Le risque terroriste au Xinjiang, principal moteur des ambitions chinoises.

Un groupe terroriste lié à Al-Qaida brandissant le drapeau de l’Arabie Saoudite au Baloutchistan. La mouvance a revendiqué la responsabilité d’une campagne de terreur dirigée contre la minorité chiite Hazara.

Après le semi échec américain en Afghanistan, le Bureau Politique placé sous la pression urgente des menaces de sécurité intérieure, fait, on le voit, preuve d’un pragmatisme tous azimuts balayant un large spectre allant de Washington à Islamabad en passant par Kaboul et les Taliban. Pour prouver son influence et son savoir faire, la Chine qui chez elle fait face à une menace terroriste de première grandeur, semble désormais bien décidée à jouer tous ses atouts. Ces derniers sont non seulement financiers, mais également stratégiques.

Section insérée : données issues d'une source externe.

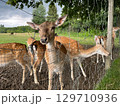 young deer, outdoor behind fence 129710936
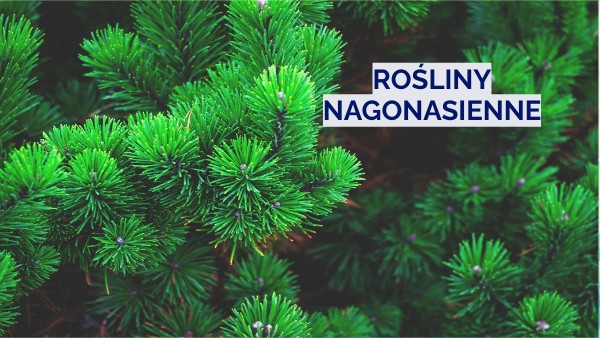 Jakie Sa Rosliny Nagonasienne - Nagonasienne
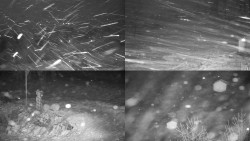 Sdružený snímek okolí chaty Myslivna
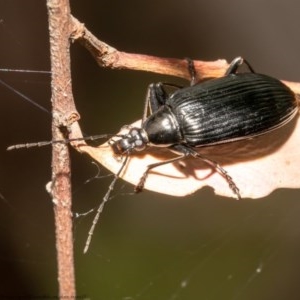 Tanychilus sp. (genus) at Bruce, ACT - 21 Dec 2020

Le moindre d’entre eux n’est pas sa proximité avec la République Islamique d’Iran, source d’approvisionnement en hydrocarbures et possible contrepoids aux terroristes sunnites. Enfin, Pékin qui pourrait envisager de coopérer avec Washington pour des formations ponctuelles de spécialistes comme des pilotes d’hélicoptères, ne désespère pas non plus d’enrôler New-Delhi intéressé par le gaz iranien et partie prenante de la sécurité de la partie nord du « couloir Chine Pakistan ».

Reste la partie sud du couloir Chine – Pakistan qui prend naissance au Baloutchistan peuplé d’une ethnie indo-iranienne vivant à cheval sur l’Iran, le Pakistan et l’Afghanistan. Depuis la partition de l’Inde la région est soumise aux affres d’une guérilla contre Islamabad pour obtenir au moins un statut d’autonomie. Dans cette zone, Pékin devra compter avec une insécurité qui ne faiblit pas et il n’est pas certain que sa puissance financière suffira à calmer les tensions ethniques et religieuses. En janvier et février 2013, 2 attentats à Quetta, la capitale de la province avaient déjà tué près de 100 ressortissants de l’ethnie Hazara à majorité chiite.

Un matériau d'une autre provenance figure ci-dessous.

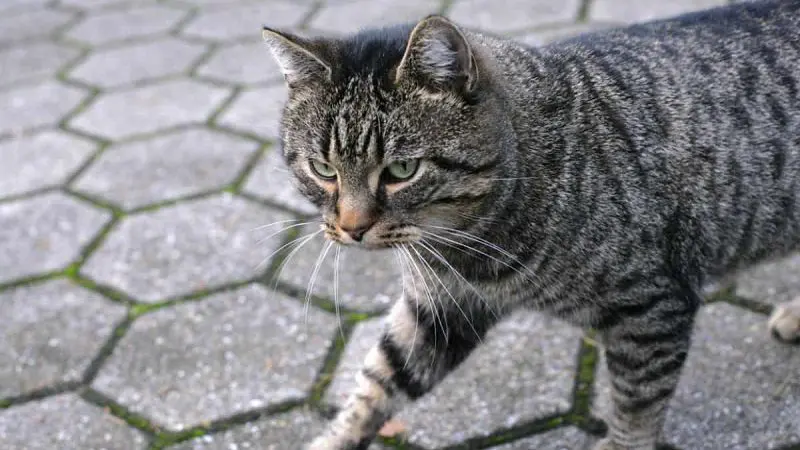 male cat walking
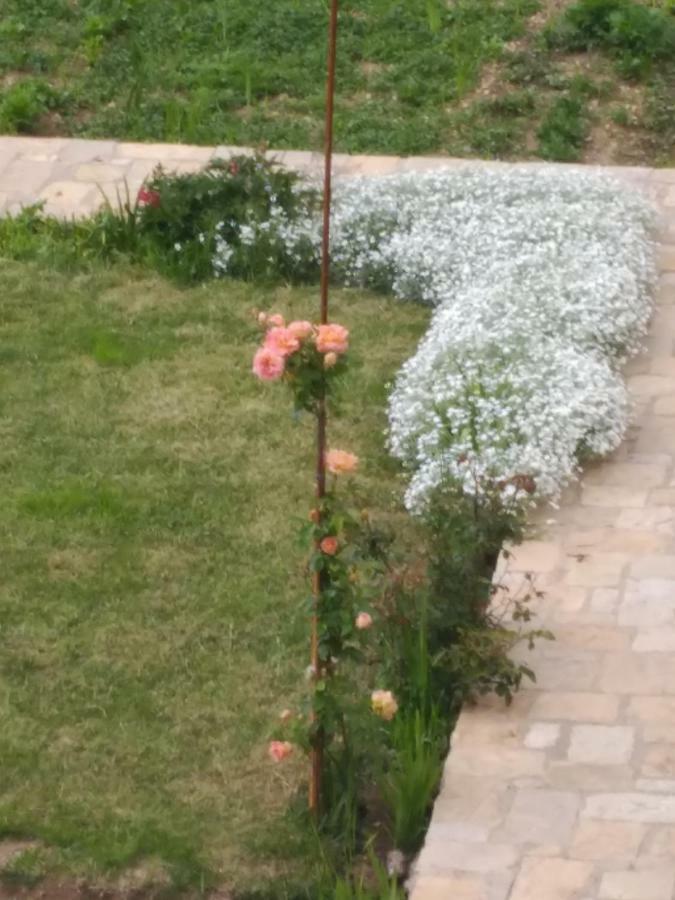 Casa Rural Caseta De L' Hort Villafranca del Cid Εξωτερικό φωτογραφία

En mars et octobre 2014, la capitale a à nouveau été frappée par une série d’attentats contre les forces de sécurité et des accrochages entre la communauté chiite Hazara et les Sunnites radicaux liés aux Taliban et à Al Qaida.

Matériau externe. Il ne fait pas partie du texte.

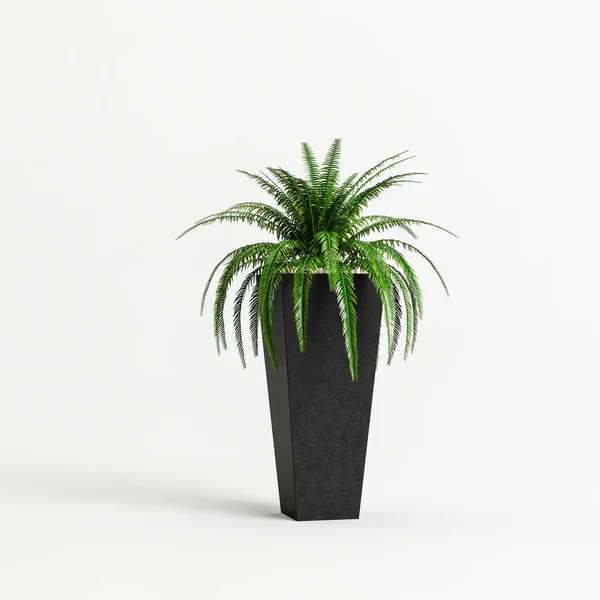 Illustration Plante Pot Noir Isolé Sur Fond Blanc — Photo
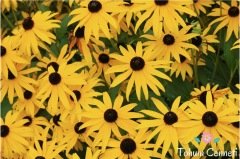 Rudbekya Güneş Şapkası Çiçeği Tohumu (50 Tohum)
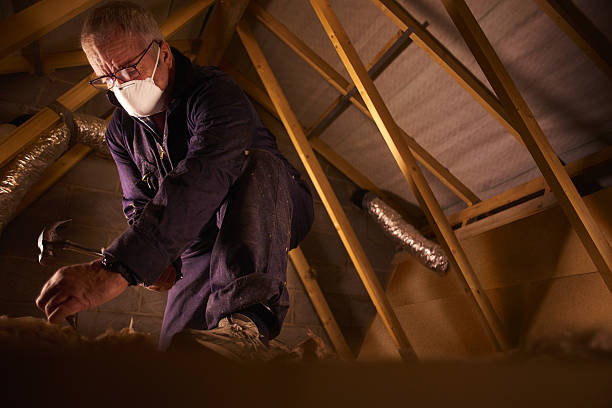 Best Home Insulation Services  in Cut Bank, MT
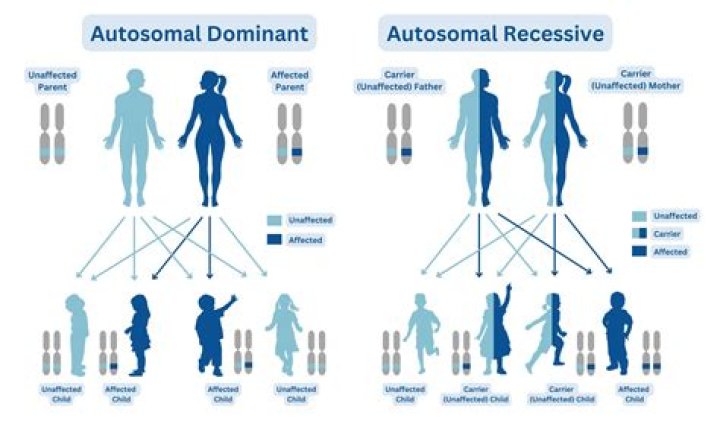 Are dwarfism dominant or recessive?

Selon France 24, « au cours des deux dernières années, près de 1 000 membres de la minorité Hazara facilement repérable à ses traits asiatiques ont été tués ». La situation au Baloutchistan a récemment fait la une de l’actualité quand Sabeen Mahmud, une militante des droits de l’homme a été assassinée à Karachi le 24 avril après avoir organisé un débat sur les « disparus baloutches ».